I was strongly tempted to go out and walk over the site of the village, but I did not. For one thing, I was afraid I might disturb the people of the house, and besides there was a mist coming up over the meadows which sloped away outside the garden. So I stopped where I was.
But it was a very odd mist, I began to think. It was not coming in all in one piece as it should. It was more in patches or even pillars of a smoky grey which moved at different rates, some of them occasionally standing still, others even seeming to go to and fro. And now I began to hear something like a hollow whispering coming from their direction. It was not conversation, for it went on quite continuously in the same tone; it sounded more as if something was being recited. I did not like it. Then I saw what I liked less. Seven of these pillars of mist, each about the size of a man, were standing in a row just outside the garden fence, and in each I thought I saw two dull red eyes; and the hollow whistling grew louder.
Just then I heard a noise from behind me in the room, as if the fire-irons had had suddenly fallen down. So they had: and the reason why they had was that an old horseshoe which was on the mantelpiece had, for no reason that I could see, tumbled over and knocked them. Something I had heard came into my mind. I took the horseshoe and laid it on the window-sill. The pillars of mist swayed and quivered as if a sudden gust of wind had struck them, and seemed all at once to go further off; and the hollow murmur was no longer to be heard. I shut the window and went to bed. But, the last thing, I looked out once again. The meadow was clear of mist and bright beneath the light of the moon.

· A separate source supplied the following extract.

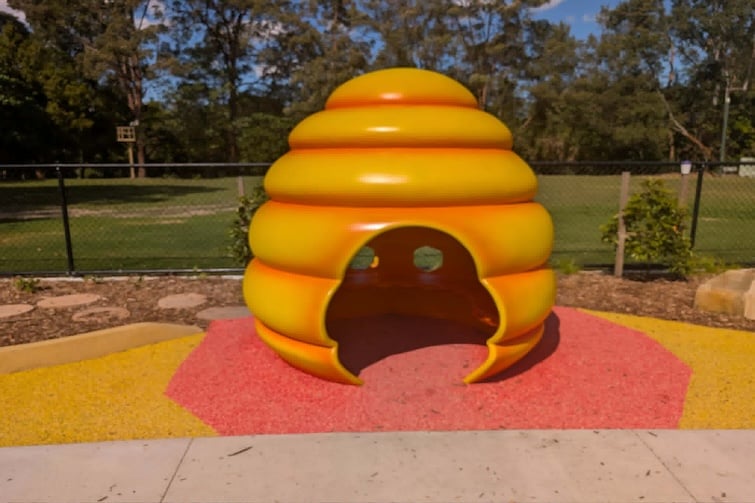 Yellow play beehive at The Hills District All Abilities Park.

As I lay in bed I thought and thought over what I had seen last. I was quite sure that the pillars of list concealed some things who wished me no good: but why should they have any spite against me? I was also sure that they wanted to get into the house: but again, why? You may think I was slow in the wits, but I must confess that some few minutes passed before I guessed. Of course they wanted to get hold of the box with the five jars. The thought disturbed me so much that I got up, lighted a candle, and went to the cupboard to see if all was safe. Yes, the box was there, but the cupboard door, which I know I had locked, was unfastened, and when I had to turn the key it became plain that the lock was hampered and useless. How could this have come about? Earlier in the evening it had been perfectly right, and nobody had been in the room since I locked it last.
Whoever had done it, they had made the cupboard no safe place for the box. I took it into the bedroom and after a minute's thought cleared out a space in a suit-case which I had brought with me, locked it in that, and put the key on the ring on the ring of my watch-chain. Watch and all went under my pillow, and once more I got into bed.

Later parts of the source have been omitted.